I.  Violation of Section 36b-16 of the Act - 
Offer and Sale of Unregistered Securities

Section 36b-16 of the Act provides that:

No person shall offer or sell any security in this state unless (1) it is registered under sections 36b-2 to 36b-33, inclusive, (2) the security or transaction is exempted under section 36b-21, or (3) the security is a covered security provided such person complies with any applicable requirements in subsections (c), (d) and (e) of section 36b-21.

Section 36b-3(19) of the Act defines the term “security” to mean, in pertinent part, “any note, stock, treasury stock, security future, bond, debenture, evidence of indebtedness, certificate of interest or participation in any profit-sharing agreement”.

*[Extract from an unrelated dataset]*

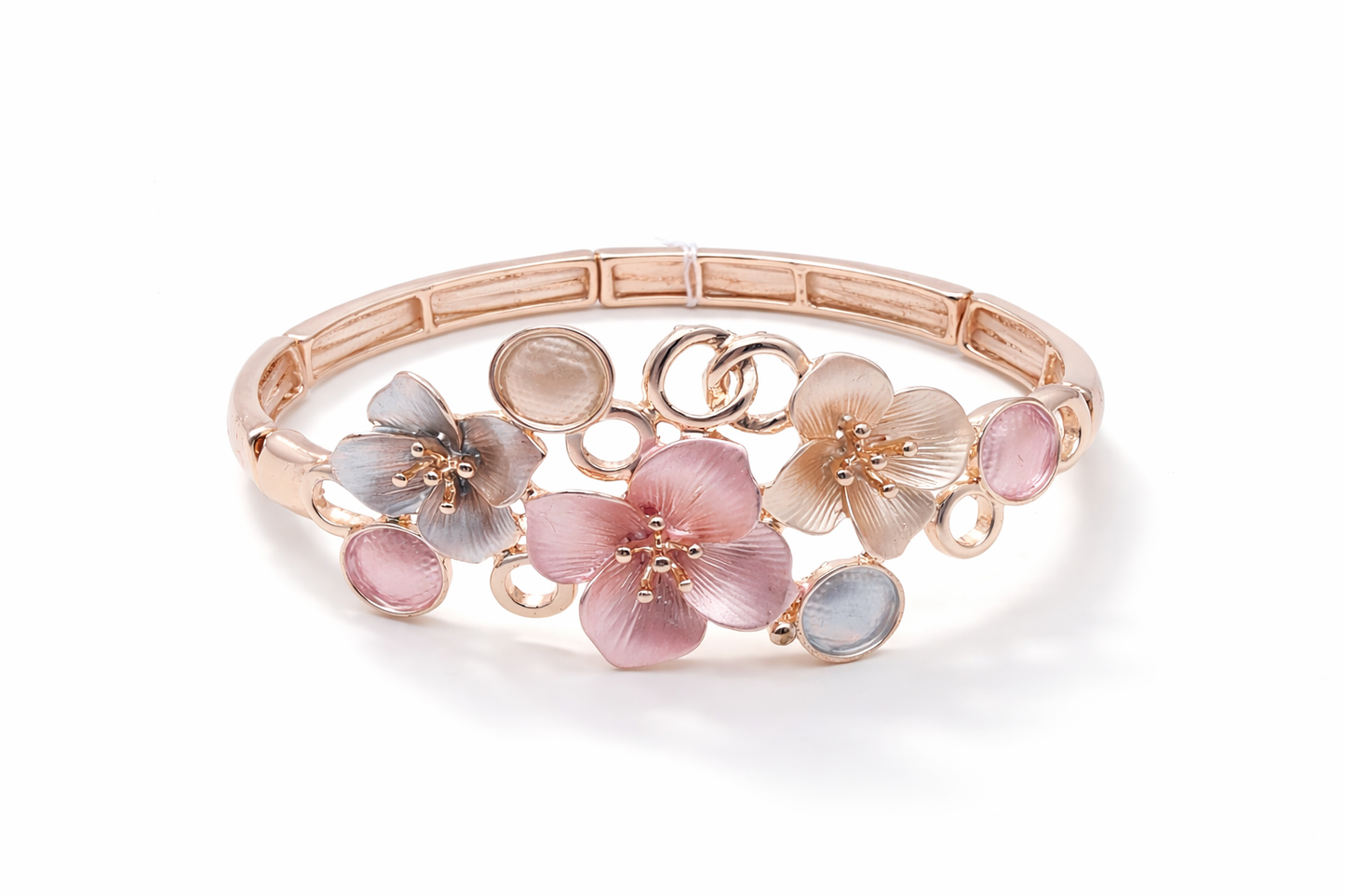 Armband elastisches Armband Blumenkorsage Blau Rosa Blumen Amorino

The record establishes that Respondents sold to at least two Connecticut investors MBG Notes, which are securities as defined in Section 36b-3(19) of the Act, which securities were not registered in Connecticut under the Act as required by Section 36b-16 of the Act, nor were they exempt from registration under Section 36b-21 of the Act, nor were they covered securities.  The record further establishes that such offer and sale of such securities absent registration constitutes a violation of Section 36b-16 of the Act, which was a basis for an order to cease and desist pursuant to Section 36b-27(a) of the Act that was issued against Respondents on April 19, 2007.  On May 21, 2007, certifications were issued certifying that the Order issued on April 19, 2007, by the Commissioner against Respondents became permanent on May 17, 2007.


II.  Violation of Section 36b-4(a) of the Act –
Fraud in Connection with the Offer and Sale of any Security

Section 36b-4(a) of the Act provides that:

No person shall, in connection with the offer, sale or purchase of any security, directly or indirectly:  (1) Employ any device, scheme or artifice to defraud; (2) make any untrue statement of a material fact or omit to state a material fact necessary in order to make the statements made, in the light of the circumstances under which they are made, not misleading, or (3) engage in any act, practice, or course of business which operates or would operate as a fraud or deceit upon any person.

The record establishes that both MBG and McCall failed to disclose, inter alia, any risk factors related to the investment, any financial information on MBG or McCall or the relevant work history of the managing member of MBG.  Further, at least one Connecticut investor was guaranteed a 100 percent return on her investment.  The record further establishes that the conduct of Respondents, constitutes, in connection with the offer, sale or purchase of any security, employing any device, scheme or artifice to defraud, making of any untrue statements of material facts or omitting to state a material fact necessary in order to make the statements made, in the light of the circumstances under which they are made, not misleading, or engaging in any act, practice or course of business which operates as a fraud or deceit upon any person.  Such conduct constitutes a violation of Section 36b-4(a) of the Act, which was a basis for an order to cease and desist pursuant to Section 36b-27(a) of the Act that was issued against Respondents on April 19, 2007, for one violation each under Section 36b-27(a) of the Act.  On May 21, 2007, certifications were issued certifying that the Order issued on April 19, 2007, by the Commissioner against Respondents became permanent on May 17, 2007.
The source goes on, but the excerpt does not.